• Brief descriptive captions

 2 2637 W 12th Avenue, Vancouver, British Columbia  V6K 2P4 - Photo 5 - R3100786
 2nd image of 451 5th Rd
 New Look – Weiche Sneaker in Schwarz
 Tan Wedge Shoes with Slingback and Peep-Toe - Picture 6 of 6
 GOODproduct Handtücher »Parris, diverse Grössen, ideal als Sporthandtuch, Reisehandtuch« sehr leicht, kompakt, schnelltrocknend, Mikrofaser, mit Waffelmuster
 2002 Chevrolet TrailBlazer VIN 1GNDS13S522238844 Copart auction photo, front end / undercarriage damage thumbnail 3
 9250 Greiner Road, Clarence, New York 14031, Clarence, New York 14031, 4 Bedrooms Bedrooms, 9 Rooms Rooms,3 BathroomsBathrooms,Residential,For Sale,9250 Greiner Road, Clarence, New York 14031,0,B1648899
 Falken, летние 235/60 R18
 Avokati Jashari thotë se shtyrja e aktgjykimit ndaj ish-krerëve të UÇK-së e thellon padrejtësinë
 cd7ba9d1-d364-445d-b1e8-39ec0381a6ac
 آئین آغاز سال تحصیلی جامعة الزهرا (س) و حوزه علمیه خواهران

• WHAT YOU WILL DO
Repeat the entries word for word. Skip none of them.

• EXERCISE ANSWER
 2 2637 W 12th Avenue, Vancouver, British Columbia  V6K 2P4 - Photo 5 - R3100786
 2nd image of 451 5th Rd
 New Look – Weiche Sneaker in Schwarz
 Tan Wedge Shoes with Slingback and Peep-Toe - Picture 6 of 6
 GOODproduct Handtücher »Parris, diverse Grössen, ideal als Sporthandtuch, Reisehandtuch« sehr leicht, kompakt, schnelltrocknend, Mikrofaser, mit Waffelmuster
 2002 Chevrolet TrailBlazer VIN 1GNDS13S522238844 Copart auction photo, front end / undercarriage damage thumbnail 3
 9250 Greiner Road, Clarence, New York 14031, Clarence, New York 14031, 4 Bedrooms Bedrooms, 9 Rooms Rooms,3 BathroomsBathrooms,Residential,For Sale,9250 Greiner Road, Clarence, New York 14031,0,B1648899
 Falken, летние 235/60 R18
 Avokati Jashari thotë se shtyrja e aktgjykimit ndaj ish-krerëve të UÇK-së e thellon padrejtësinë
 cd7ba9d1-d364-445d-b1e8-39ec0381a6ac
 آئین آغاز سال تحصیلی جامعة الزهرا (س) و حوزه علمیه خواهران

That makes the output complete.